What if in a major decision such as a new Pier, the Rays, the Mid -Town Redevelopment or some other critical issue, someone on the losing side files a law suit saying one or more Council votes that affect the outcome are invalid because the candidate or candidates are illegally seated because they did not meet the residency requirements?

If that were to happen and the challenger prevail, then what would that ruling do to any previous decisions where the now unqualified/invalid candidates votes would affect the outcome?

Should you think this scenario is a bit over the top, consider the enormous amounts of money council spends each year, and the recent actions of power brokers on all sides of the current hot City issues.

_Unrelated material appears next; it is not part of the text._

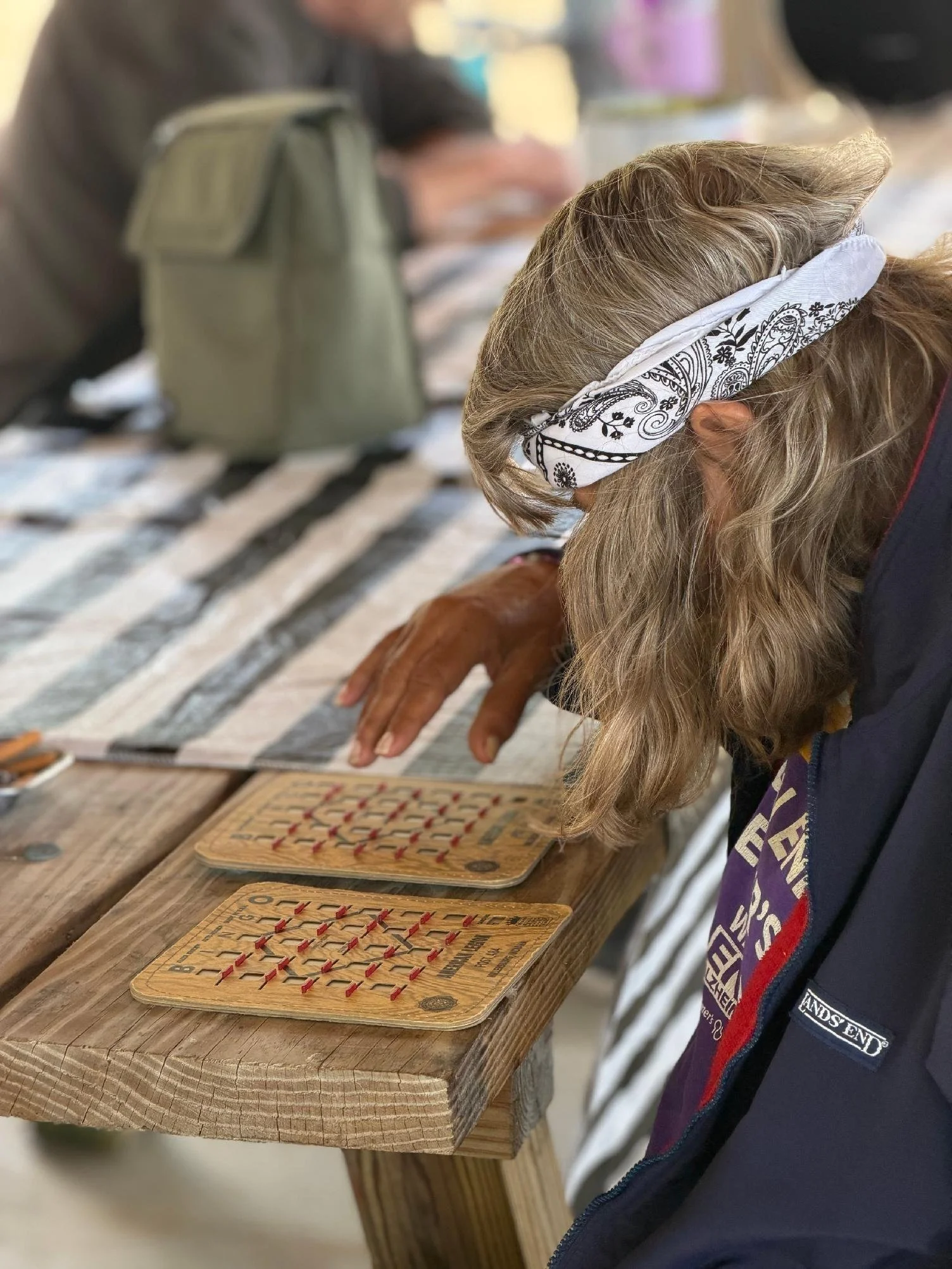 A person with long blonde hair wearing a white bandana and a purple shirt plays a vintage wooden game at a rustic wooden table, with other people and games visible in the background.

When you are dealing with organizations of the stature of major league baseball on legal and financial issues, I would think the administration would want to be on as sound a legal ground with City Council as possible.

It would seem to me that allowing candidates to proceeded where there are genuine residency questions related to their candidacy, constitutes a significant risk to the City and an opportunity for the entire organization to thrown into chaos during and after any such legal maneuvering.

The City Legal department has the responsibility to protect the administration and the citizens from undue legal risk. If there was ever a time to act this is it.

What would be wrong with City Legal asking a judge to validate the residency requirements of all candidates in the primary election?

Throwing your hands up in the air and claiming the City doesn't "verify the accuracy of that affidavit" but relies on candidates to be truthful", as Mark Winn assistant City Attorney said might be fine if your pretty sure the candidate in question is going to lose, but in this case one and possibly two may have a real good shot at winning.

So it is time to for the Legal department to get off its hands, get its head out of the sand and ask a judge to verify the residency of the entire candidate list. That approach assures there is no favoritism.